Half of them you'd need to explain what "bit rate" means, before even asking
the question. I only think about it for my DJ music collection (and VBR is
fine in that context, I'm just ruling out CBR stuff below ~192kpbs, because
sometimes it sounds a little harsh on the high end over the big speakers);
never worry about it for video or music streaming. If it's HD and looks/sounds
OK, I don't think about it at all. Netflix and Amazon both have acceptable
quality, so I don't think about it, I just consume it.

I think the success of Spotify and Pandora and Rhapsody are proof that
consumers don't care about quality.

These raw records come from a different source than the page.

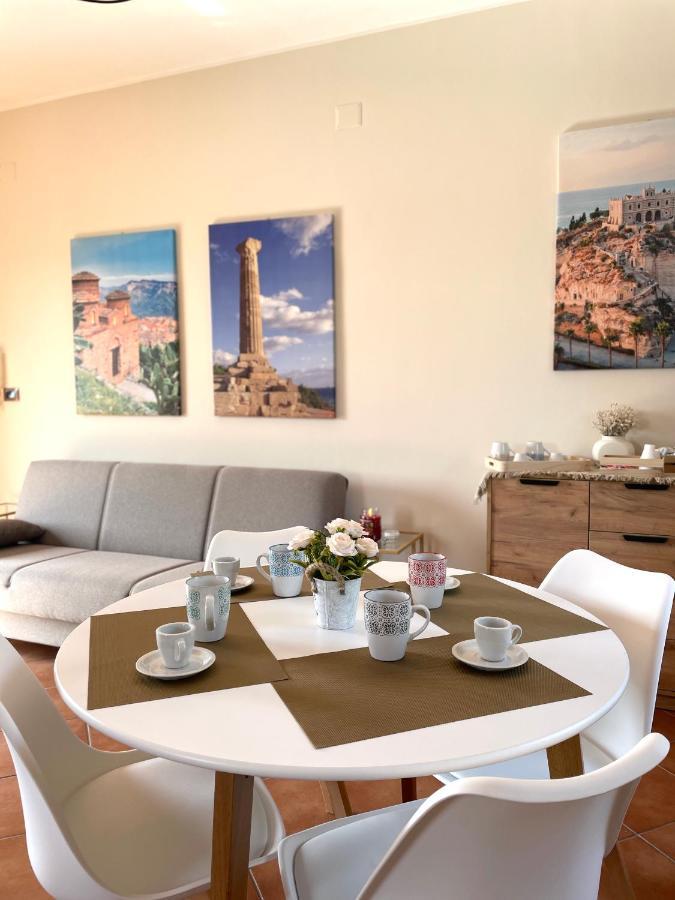 Appartement La Casa Di Isa à Lamezia Terme Extérieur photo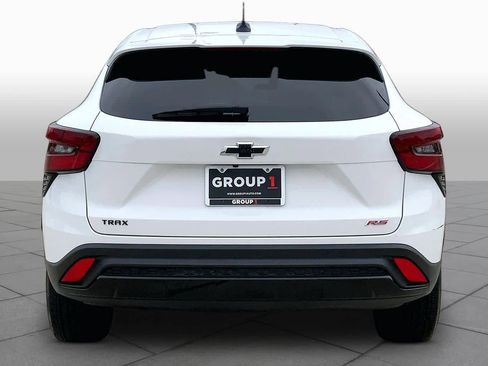 Used 2025 Chevrolet Trax RS w/ Sunroof Package FWD image 5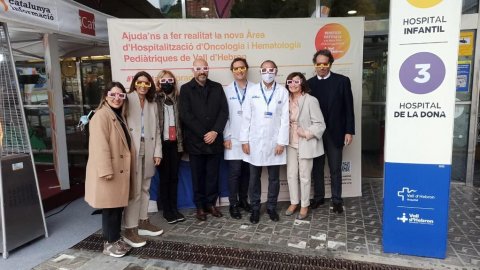 El matí de Catalunya Ràdio, Popap i La tarda de Catalunya Ràdio fan una programació especial des de l'Hospital Vall d'Hebron per donar suport al projecte ulleres de #realitatmillorada i ajudar a remodelar l'Àrea d'Oncologia Infantil. Barcelona. 12 de novembre de 2021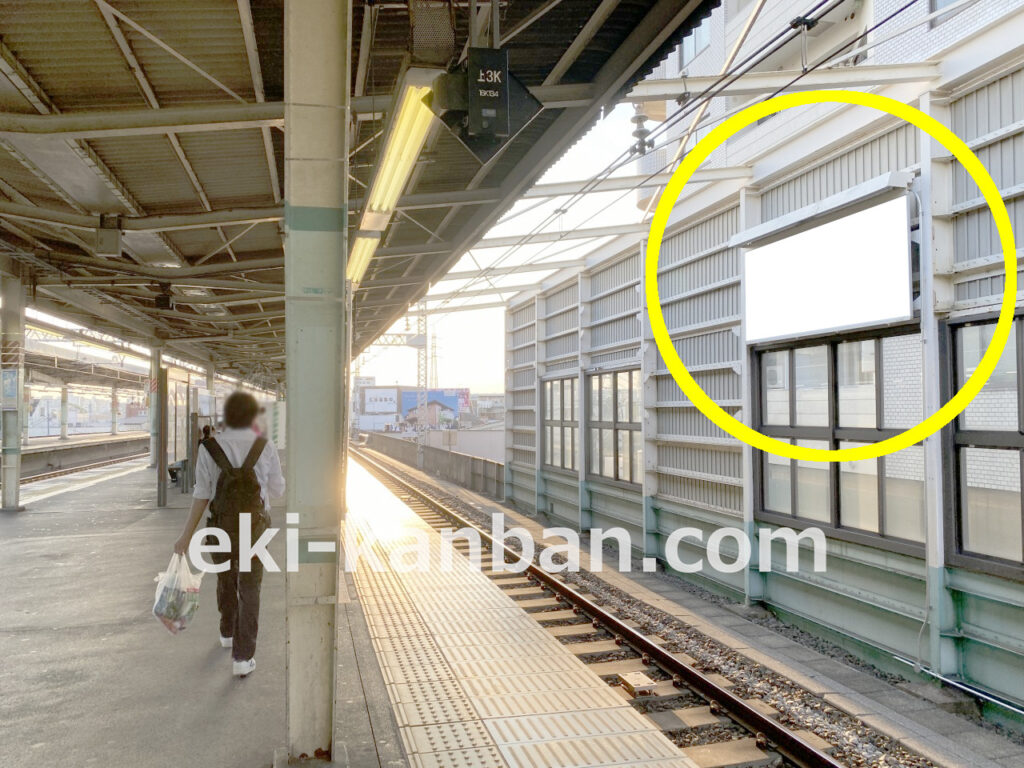 JR／高円寺駅／風防壁／№26駅看板・駅広告、写真3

I don't know exactly what bit rate they're
streaming at, but, it sounds pretty bad on mobile, so I assume it's something
quite low. But, even though I recognize the crappiness of it, sometimes I
listen to them in the car (my truck has a crap stereo, anyway, so no big deal
there).

In short: Cool article, but the suggestion that consumers will stop it because
they want bigger files seems weird.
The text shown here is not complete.